In the listing below, how many lines hold the string "Florida"? Reply with the number and nothing else.
** Opening DATA FOR REVIEW block **
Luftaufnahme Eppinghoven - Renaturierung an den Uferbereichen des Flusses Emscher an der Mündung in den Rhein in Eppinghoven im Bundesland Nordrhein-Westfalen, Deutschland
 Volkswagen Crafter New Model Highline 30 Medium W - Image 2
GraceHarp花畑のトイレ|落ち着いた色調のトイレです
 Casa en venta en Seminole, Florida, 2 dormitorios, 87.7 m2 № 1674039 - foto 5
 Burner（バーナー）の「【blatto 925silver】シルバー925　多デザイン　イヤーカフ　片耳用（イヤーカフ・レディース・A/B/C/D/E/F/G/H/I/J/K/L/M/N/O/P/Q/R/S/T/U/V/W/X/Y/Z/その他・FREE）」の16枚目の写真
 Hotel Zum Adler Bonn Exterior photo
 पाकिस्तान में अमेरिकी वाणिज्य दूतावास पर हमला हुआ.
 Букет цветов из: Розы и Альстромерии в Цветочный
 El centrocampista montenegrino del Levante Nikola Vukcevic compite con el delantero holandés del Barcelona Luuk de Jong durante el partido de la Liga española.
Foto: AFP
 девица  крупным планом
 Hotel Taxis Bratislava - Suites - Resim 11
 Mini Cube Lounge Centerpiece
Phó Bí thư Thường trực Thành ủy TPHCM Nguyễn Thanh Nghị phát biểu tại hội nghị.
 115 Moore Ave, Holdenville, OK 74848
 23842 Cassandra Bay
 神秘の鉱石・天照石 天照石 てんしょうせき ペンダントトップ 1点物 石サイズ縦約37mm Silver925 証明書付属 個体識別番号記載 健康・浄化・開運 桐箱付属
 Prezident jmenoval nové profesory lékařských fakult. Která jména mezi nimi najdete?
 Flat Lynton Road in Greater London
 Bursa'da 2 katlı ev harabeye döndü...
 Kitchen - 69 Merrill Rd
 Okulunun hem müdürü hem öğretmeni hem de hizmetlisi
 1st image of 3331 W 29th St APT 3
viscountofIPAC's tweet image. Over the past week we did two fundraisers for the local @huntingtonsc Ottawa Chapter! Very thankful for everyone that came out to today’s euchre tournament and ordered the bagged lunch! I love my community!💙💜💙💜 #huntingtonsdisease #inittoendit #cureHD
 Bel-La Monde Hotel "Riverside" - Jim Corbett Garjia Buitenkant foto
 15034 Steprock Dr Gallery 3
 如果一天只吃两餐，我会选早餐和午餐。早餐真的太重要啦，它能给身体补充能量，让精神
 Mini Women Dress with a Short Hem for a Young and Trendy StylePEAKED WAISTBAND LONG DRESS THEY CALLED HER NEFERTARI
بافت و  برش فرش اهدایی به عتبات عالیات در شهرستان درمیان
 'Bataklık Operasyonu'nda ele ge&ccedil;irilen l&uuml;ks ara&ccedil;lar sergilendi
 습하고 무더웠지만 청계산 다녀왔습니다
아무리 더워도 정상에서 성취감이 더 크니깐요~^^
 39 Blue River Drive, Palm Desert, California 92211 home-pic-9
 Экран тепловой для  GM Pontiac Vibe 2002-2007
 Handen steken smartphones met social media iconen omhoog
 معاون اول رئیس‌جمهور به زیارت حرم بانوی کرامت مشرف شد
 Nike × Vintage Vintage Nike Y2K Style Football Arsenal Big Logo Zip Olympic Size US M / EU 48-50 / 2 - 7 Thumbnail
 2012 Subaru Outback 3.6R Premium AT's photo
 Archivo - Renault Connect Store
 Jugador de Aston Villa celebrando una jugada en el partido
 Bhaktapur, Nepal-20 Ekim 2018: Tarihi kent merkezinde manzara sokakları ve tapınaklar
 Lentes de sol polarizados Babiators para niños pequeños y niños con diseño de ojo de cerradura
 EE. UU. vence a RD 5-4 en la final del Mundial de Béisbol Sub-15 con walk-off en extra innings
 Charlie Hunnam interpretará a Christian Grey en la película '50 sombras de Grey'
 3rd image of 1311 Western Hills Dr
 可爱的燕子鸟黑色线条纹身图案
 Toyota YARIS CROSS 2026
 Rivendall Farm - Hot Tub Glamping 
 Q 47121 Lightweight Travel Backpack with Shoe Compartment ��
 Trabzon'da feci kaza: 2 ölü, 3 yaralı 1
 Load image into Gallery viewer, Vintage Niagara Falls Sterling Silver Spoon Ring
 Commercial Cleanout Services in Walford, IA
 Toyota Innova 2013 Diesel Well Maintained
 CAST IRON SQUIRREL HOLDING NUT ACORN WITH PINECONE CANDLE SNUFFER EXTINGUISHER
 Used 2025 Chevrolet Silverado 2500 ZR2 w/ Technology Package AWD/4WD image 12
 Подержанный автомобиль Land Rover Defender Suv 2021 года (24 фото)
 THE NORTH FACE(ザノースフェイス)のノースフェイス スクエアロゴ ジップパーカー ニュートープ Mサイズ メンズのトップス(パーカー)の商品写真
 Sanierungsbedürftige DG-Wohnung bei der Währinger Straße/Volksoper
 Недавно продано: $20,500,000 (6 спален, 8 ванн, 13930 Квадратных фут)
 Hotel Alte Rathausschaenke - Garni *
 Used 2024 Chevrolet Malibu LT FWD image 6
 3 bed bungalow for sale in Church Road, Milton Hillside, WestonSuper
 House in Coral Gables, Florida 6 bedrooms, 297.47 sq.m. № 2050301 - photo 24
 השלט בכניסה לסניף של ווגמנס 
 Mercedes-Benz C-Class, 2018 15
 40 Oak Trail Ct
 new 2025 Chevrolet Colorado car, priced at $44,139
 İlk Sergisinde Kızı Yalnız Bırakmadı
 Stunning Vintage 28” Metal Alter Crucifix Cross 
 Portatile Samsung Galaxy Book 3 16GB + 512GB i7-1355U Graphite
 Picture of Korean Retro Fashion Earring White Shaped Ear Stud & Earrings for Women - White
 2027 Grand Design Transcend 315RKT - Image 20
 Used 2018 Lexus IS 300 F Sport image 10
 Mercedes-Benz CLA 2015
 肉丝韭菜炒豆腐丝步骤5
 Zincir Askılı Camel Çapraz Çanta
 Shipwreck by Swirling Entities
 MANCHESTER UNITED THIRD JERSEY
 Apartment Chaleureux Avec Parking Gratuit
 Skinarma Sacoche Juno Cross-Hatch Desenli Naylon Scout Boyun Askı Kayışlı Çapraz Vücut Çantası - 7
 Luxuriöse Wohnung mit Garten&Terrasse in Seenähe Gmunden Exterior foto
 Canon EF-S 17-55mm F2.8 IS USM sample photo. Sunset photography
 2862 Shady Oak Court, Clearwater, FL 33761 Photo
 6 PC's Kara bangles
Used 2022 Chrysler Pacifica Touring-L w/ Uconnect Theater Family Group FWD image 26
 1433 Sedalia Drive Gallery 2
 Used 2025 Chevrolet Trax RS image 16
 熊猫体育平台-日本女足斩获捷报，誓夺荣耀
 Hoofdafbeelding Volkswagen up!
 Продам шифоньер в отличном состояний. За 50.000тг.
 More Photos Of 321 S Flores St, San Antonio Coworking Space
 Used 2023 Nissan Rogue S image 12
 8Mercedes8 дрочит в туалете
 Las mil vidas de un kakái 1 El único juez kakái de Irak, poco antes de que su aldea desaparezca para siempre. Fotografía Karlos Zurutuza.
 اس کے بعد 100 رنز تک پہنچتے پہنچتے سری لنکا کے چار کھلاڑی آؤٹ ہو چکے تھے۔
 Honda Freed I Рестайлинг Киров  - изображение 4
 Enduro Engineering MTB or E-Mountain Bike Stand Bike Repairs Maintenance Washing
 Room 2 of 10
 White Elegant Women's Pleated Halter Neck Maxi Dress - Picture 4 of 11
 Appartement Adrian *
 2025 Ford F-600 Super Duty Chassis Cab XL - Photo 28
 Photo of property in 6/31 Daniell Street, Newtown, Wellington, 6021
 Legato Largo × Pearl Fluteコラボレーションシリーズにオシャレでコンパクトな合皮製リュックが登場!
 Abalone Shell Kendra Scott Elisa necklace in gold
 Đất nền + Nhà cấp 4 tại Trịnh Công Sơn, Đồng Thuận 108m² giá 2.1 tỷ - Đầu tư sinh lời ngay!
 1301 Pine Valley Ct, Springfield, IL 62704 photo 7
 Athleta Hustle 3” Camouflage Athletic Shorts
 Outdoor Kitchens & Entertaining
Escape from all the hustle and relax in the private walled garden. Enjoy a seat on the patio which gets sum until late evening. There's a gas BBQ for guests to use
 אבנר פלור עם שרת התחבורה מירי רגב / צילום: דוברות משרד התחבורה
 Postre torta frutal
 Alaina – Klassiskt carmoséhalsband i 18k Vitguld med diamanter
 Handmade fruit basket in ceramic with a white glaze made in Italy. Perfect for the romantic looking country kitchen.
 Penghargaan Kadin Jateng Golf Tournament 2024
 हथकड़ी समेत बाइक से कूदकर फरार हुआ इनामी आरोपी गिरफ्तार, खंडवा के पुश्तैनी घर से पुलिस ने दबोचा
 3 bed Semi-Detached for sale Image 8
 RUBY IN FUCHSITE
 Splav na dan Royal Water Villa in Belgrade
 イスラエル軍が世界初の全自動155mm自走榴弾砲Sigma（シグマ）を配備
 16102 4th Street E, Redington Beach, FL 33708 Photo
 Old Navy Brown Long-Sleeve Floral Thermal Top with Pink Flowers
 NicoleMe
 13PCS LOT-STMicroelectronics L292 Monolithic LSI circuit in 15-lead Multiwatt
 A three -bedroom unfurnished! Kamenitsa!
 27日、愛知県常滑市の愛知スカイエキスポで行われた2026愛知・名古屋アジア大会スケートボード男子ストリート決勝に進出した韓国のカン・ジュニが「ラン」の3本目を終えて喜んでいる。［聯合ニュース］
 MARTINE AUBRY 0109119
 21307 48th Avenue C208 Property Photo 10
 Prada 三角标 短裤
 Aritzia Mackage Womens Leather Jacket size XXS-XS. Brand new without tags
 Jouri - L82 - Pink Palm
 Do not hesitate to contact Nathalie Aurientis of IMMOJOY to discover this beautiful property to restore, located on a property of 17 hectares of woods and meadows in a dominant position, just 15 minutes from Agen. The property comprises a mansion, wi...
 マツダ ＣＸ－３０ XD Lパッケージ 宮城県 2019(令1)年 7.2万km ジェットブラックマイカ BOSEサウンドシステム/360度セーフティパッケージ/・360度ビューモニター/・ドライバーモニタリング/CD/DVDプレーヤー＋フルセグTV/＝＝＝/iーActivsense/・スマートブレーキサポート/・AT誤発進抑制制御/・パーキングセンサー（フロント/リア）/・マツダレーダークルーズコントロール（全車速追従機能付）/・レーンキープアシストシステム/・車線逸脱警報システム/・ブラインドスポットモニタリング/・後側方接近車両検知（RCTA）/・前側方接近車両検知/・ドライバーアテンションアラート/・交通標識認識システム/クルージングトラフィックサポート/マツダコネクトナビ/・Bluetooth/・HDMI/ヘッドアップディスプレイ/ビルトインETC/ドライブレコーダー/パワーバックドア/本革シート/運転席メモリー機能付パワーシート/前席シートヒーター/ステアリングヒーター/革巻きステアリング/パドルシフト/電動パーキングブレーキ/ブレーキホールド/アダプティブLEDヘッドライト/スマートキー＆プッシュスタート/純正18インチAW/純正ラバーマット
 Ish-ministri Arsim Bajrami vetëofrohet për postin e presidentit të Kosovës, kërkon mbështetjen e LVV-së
** Closing DATA FOR REVIEW block **
**EXERCISE SOLUTION**
2